ジャガイモ生産量が減少している一方で、他の国と比較するとその状況がさらに際立っています。たとえば既存のデータからも、アイルランドのジャガイモ生産量は人口規模の近い国の多く、例えばデンマークやオランダに比べてもかなり低い水準にとどまっています。一方で中国やインドのような新興経済国では、生産量が大幅に増加しており、世界全体に占めるシェアが拡大しています。

このような状況を踏まえて、アイルランドがジャガイモの生産基盤を再構築するには、いくつかの具体策を講じる必要があります。まず第一に、農家支援政策と技術革新が鍵となります。具体的には、気象や病害虫のリスクを軽減するための灌漑設備の導入や、気候変動に強い品種の開発が重要です。また、農業教育機関や研究機関の連携を強化し、新規就農者を増やすためのインセンティブを提供することも急務です。

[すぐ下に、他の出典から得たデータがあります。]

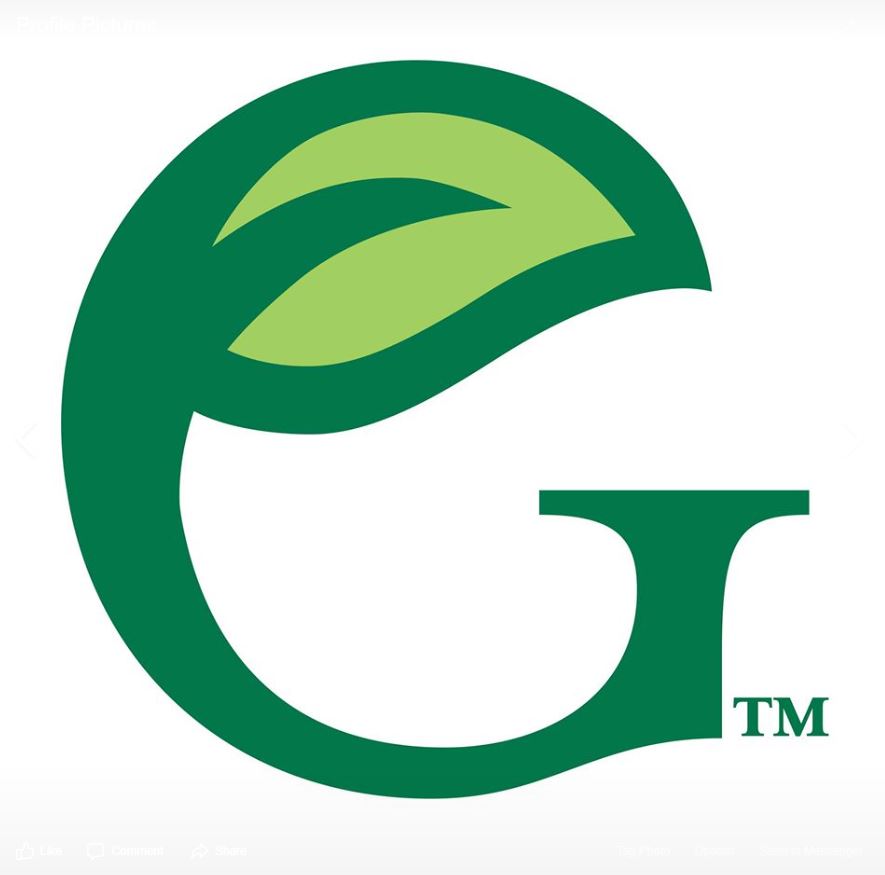 Green Garden Help Center home page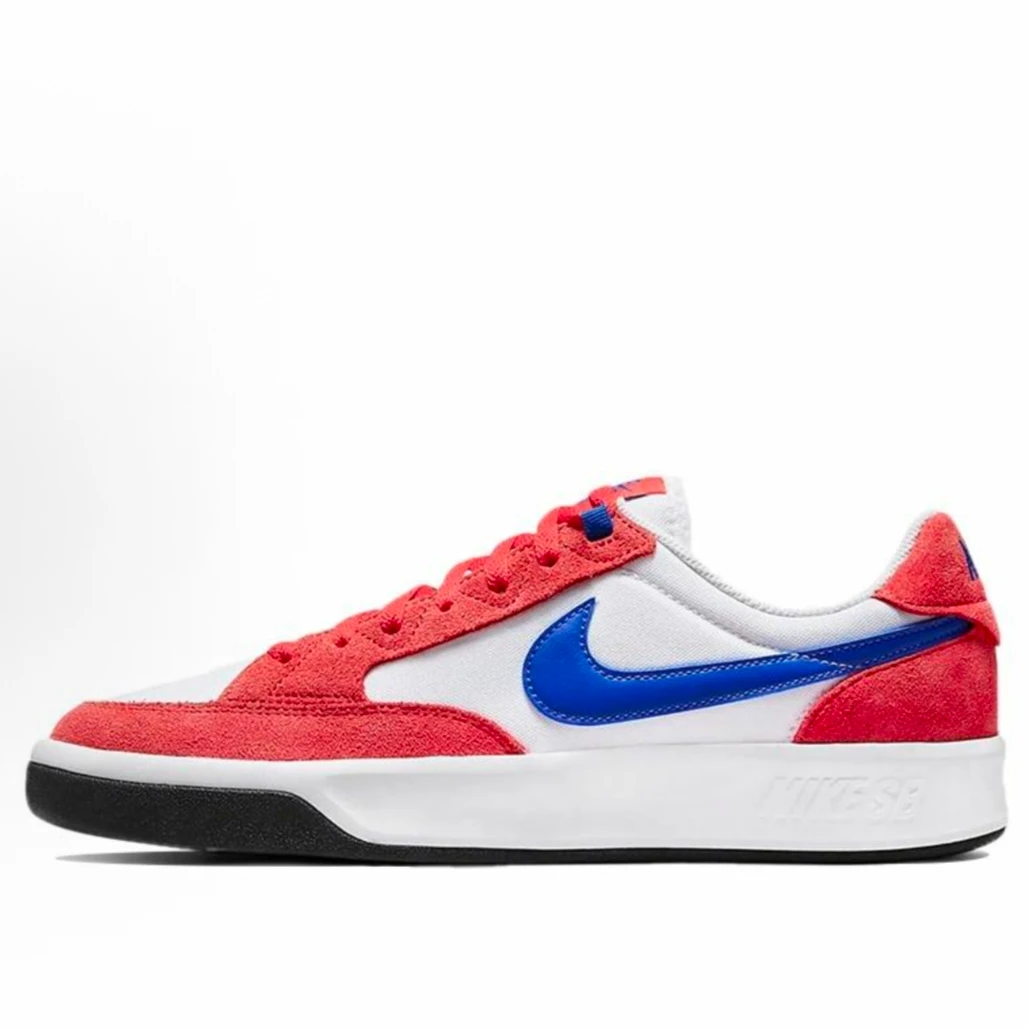 (断码孤品)NIKE/耐克 SB 男鞋低帮轻便休闲板鞋CW7456-600-45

さらに、国内消費を促進するための取り組みも有効でしょう。ジャガイモは安価で栄養価が高いため、食生活の多様化を支援する政策を通じて国内需要を喚起することが考えられます。また、輸出市場を拡大し、安全で高品質なアイルランド産ジャガイモを世界にアピールすることも、同国の農業経済を活性化させるための一手となるでしょう。

結論として、アイルランドのジャガイモ生産量の減少は、歴史的、経済的、気候的な多くの要因によるものですが、適切な政策と技術の導入により、現在の課題に対処することが可能です。アイルランド政府と国際的な協力機関が連携して対策を講じることで、同国の農業が再び力強く成長し、持続可能な未来に貢献する可能性が広がると考えられます。